As part of the government's effort to lure combatants from Colombia's guerrilla armies and right wing paramilitary groups, he was cleared of criminal charges and put in a program to integrate former fighters into civilian life.
"I wanted to change my life," he said, giving the false name Luis to protect his identity, like most of the former rebels who told their stories in interviews arranged by the defense ministry.
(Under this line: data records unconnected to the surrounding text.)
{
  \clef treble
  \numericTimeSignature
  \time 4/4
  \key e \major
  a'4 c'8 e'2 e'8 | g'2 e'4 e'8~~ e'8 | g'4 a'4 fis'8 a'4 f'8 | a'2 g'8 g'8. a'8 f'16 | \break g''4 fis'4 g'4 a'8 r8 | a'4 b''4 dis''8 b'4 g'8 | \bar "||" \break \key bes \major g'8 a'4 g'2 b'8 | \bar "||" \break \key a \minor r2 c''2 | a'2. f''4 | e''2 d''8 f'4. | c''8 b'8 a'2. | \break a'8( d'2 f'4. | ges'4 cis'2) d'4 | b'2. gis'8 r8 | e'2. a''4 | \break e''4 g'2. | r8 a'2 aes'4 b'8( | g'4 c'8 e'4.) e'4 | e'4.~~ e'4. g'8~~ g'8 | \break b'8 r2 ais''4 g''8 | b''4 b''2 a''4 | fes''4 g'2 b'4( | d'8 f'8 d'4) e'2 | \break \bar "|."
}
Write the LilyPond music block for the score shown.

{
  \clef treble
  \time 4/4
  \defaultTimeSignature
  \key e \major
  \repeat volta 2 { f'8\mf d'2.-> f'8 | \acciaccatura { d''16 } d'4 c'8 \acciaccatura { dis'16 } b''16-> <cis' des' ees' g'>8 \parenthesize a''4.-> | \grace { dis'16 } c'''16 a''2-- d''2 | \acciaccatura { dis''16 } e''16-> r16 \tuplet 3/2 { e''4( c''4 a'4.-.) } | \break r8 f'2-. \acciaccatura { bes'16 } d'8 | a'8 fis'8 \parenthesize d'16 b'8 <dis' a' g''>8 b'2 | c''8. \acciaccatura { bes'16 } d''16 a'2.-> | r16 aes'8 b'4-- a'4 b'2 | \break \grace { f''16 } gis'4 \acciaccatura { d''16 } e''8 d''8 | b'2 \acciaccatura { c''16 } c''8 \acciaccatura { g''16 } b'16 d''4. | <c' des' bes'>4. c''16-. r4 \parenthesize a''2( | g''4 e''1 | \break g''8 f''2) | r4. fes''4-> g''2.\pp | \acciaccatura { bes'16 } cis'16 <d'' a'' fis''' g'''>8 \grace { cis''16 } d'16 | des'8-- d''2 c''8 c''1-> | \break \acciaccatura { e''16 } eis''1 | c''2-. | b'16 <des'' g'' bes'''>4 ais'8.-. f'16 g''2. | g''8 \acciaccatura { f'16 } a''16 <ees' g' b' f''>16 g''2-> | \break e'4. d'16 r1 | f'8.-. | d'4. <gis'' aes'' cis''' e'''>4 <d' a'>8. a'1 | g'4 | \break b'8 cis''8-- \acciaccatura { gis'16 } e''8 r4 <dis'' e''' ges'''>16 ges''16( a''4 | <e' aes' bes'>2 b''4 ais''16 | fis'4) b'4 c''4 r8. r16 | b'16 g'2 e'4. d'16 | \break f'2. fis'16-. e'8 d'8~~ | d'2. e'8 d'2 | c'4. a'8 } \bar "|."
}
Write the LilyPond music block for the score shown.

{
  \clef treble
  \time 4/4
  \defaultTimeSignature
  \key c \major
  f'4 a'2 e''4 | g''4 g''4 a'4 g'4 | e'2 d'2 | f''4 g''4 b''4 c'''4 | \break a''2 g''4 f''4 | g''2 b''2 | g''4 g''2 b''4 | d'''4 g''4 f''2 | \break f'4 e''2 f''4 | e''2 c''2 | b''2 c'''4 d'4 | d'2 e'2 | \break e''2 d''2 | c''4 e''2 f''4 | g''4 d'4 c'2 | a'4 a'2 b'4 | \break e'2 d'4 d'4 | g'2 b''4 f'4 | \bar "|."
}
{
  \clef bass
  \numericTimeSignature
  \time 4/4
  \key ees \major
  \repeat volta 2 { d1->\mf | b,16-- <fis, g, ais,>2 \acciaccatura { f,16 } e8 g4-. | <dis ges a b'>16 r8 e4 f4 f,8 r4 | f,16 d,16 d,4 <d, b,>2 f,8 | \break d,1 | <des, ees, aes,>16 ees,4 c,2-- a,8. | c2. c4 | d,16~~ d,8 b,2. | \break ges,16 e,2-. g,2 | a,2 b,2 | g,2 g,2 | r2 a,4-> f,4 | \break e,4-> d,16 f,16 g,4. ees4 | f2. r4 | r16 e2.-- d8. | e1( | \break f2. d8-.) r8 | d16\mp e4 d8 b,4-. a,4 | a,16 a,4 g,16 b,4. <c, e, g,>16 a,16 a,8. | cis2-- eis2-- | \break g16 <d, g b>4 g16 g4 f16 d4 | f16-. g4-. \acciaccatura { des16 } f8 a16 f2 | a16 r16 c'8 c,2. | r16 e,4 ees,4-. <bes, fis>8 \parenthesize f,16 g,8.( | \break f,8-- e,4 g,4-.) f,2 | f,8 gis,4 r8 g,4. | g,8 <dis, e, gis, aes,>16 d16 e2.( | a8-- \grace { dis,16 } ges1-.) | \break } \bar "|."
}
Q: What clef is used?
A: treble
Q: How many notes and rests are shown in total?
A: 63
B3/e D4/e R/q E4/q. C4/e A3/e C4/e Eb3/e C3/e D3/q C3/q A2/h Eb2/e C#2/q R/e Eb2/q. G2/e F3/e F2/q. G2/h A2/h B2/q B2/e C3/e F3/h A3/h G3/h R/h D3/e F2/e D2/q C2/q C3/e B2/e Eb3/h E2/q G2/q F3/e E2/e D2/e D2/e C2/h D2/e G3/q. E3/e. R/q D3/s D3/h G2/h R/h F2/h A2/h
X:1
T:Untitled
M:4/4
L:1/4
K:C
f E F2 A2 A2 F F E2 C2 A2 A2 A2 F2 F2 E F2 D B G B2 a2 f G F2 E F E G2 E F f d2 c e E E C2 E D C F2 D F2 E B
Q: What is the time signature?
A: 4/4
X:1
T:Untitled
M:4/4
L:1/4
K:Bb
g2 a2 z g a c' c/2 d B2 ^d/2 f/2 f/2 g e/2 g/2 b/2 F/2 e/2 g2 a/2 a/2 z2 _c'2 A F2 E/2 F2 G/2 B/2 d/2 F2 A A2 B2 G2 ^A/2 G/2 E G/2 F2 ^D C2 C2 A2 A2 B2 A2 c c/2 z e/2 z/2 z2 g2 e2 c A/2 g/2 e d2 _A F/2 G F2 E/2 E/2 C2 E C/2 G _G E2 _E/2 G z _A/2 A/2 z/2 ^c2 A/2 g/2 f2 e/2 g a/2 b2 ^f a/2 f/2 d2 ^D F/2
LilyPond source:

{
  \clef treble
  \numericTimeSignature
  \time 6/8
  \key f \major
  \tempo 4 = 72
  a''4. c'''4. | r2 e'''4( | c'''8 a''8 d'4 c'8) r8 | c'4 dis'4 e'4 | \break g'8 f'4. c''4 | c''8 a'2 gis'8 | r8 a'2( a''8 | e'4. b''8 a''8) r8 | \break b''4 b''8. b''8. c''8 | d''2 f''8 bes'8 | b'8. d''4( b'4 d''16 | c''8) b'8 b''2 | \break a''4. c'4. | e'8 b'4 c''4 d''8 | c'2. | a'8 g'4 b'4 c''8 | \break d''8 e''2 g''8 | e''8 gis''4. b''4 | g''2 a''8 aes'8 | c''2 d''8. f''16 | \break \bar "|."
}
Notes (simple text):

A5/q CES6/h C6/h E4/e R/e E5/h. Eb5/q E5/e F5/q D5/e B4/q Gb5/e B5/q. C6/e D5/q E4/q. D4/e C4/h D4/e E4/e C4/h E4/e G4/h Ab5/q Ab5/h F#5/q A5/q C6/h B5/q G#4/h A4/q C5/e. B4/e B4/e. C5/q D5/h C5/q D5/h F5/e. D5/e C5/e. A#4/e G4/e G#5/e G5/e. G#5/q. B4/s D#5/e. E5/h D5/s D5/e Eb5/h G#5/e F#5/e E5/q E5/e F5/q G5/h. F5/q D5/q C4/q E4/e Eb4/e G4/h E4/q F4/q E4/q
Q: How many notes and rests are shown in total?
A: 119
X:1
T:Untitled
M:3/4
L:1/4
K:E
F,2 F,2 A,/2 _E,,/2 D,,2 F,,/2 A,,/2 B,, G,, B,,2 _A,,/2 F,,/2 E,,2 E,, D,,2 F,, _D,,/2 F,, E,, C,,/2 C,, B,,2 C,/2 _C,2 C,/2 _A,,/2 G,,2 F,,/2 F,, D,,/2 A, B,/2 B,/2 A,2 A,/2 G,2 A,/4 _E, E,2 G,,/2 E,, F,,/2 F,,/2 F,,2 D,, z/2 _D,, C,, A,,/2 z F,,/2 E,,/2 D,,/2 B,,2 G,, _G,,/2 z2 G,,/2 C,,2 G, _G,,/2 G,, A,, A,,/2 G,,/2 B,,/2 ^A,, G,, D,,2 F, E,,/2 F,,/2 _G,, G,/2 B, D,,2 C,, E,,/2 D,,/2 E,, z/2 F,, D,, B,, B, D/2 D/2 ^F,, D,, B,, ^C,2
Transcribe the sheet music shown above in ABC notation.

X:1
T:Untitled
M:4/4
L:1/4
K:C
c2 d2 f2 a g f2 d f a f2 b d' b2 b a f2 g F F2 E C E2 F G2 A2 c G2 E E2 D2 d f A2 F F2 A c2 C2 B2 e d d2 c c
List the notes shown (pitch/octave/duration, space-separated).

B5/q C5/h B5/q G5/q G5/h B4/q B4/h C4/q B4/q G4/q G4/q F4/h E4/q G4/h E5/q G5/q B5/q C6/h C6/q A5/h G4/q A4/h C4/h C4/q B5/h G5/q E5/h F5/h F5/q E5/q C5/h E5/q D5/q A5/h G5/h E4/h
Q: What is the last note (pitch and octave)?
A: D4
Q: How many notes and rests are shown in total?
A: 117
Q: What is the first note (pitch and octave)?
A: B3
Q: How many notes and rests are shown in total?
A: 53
Colombia has been embroiled for decades in a civil war between Marxist rebels on the one hand and rightwing paramilitary groups and government forces on the other.
After peace talks failed last year President Alvaro Uribe was elected on a promise to crack down hard on the insurgents. But as its troops advance on rebel- and paramilitary-held territories, the government is taking tired, disgruntled fighters under its wing.
They are given room and board in one of several shelters in Bogota, vocational training, and money to start small businesses or titles to farmland.
In exchange they turn in their weapons and provide information on the group they belonged to and any crimes they may have witnessed.
Evidence from many former rebels and paramilitary fighters has helped clear up 70 unsolved crimes.
"The ex-combatants are useful for the army and prosecutors - they give testimony, they describe the sociological context of the armed groups," said the deputy defense minister Andres Penate, who heads the demobilization program.
The program for rebel deserters has been in place since 1999, but Uribe's government has made encouraging desertion a priority and has put aside about US$9.3 million for the program this year.
The campaign has turned a trickle into a steady flow. In the first half of the year 837 rebels and paramilitary fighters deserted and entered the program, nearly as many as in the whole of the previous three years.
The government is expecting more.
On the radio a former guerrilla describes the civil war as "sterile", and the government promises protection and rehabilitation to anyone who has not committed a heinous crime.
Leaflets dropped over territories controlled by the armed factions offer about US$350 for each rifle and more for heavy weapons and explosives. With an estimated 35,000 rebel and paramilitary soldiers spread across the country, the current desertion rate is unlikely to make a serious dent in the armed groups. But the government is counting on the campaign having a demoralizing effect.
Rebel commanders have taken notice. A FARC front in eastern Colombia has started circulating flyers which call on government soldiers to desert, offering about US$3,576 for each rifle and adding, "We guarantee you your life."